Fixed real training data can delay but not prevent MADness
However, in practice, people usually have access to real training datasets. If they were to incorporate existing real data into a fully synthetic loop, they would produce a synthetic augmentation loop. These loops occur when generative models train on synthetic data (from previous models) and previously seen real data. In general, increasing the amount of training data improves AI model performance. However, the presence of synthetic data introduces uncertainty since synthetic data can deviate from reality. We found that incorporating fixed real training data only delays (i.e., cannot prevent) the inevitable degradation of synthetic quality or diversity. In other words, previously seen real data cannot prevent MADness in self-consuming generative models.
Fresh real data can prevent MADness
But what if the real data in a self-consuming loop is new? What if each generative model has access to real data that was never seen by any generative model before? We call these situations fresh loops; they occur when each generative model trains on synthetic data from previous models and a new set of previously unseen real data. On the broader scale of the Internet, fresh loops are already happening: new data is constantly being uploaded to the Internet, except now a portion of it is AI-generated. To confirm this, one need only examine the popular LAION-5B dataset (the training data for Stable Diffusion). Amidst the real images, there are already synthetic images from previous generative models like StyleGAN and pix2pix.
In the fresh loop, we found that with enough fresh (previously unseen) real data, the quality and diversity of synthetic data depend on the ratio of fresh to synthetic data. If the ratio is large enough, we won’t see a decrease in quality and diversity. If the ratio is too small, MADness will ensue. Take, for example, the Internet: what our findings suggest is that if synthetic data outgrows real data, then future generative models will suffer from MADness. Exactly what ratio of fresh to synthetic data is needed to avoid MADness depends on various factors (such as the complexity of the real and synthetic data, the type of generative model used, and the presence of sampling bias).
Between the lines
Generative models are becoming increasingly capable of generating what users can imagine, producing an explosion of synthetic content on the Internet. As people trust and use generative models more and more, it is important to acknowledge how our current interactions with generative models may negatively impact the future. Our results show that if synthetic data outgrows real data on the Internet, future generative models will be stuck in a self-consuming loop and thus doomed to MADness. Future synthetic data could have notable artifacts (or, in the case of text, wrong statements) that become increasingly pronounced over time, or they could lack creativity and diversity. In a worst-case scenario, synthetic data could diverge from reality altogether.
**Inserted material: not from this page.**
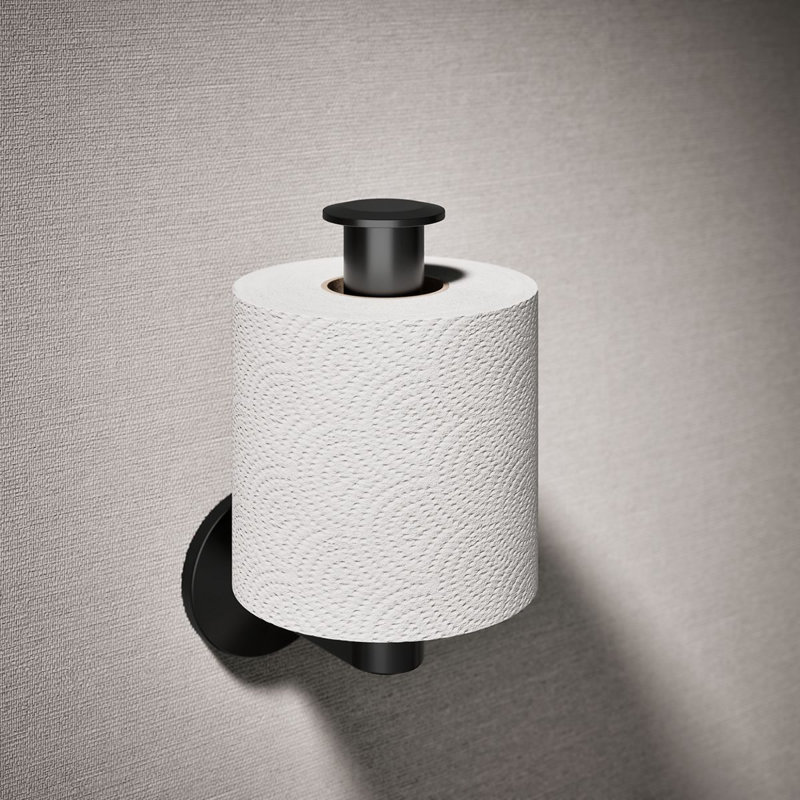 Components Vertical Toilet Tissue Holder, Matte Black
AI industry leaders have recently pledged at the White House to implement measures like watermarking to make synthetic data identifiable from real data. These efforts aim to mitigate the negative effects of synthetic data on the Internet. Regarding Model Autophagy Disorder (MAD), watermarking could be used to prevent generative models from training on AI-generated data. However, whether such approaches are a viable solution to MADness remains to be seen and must be determined by future work.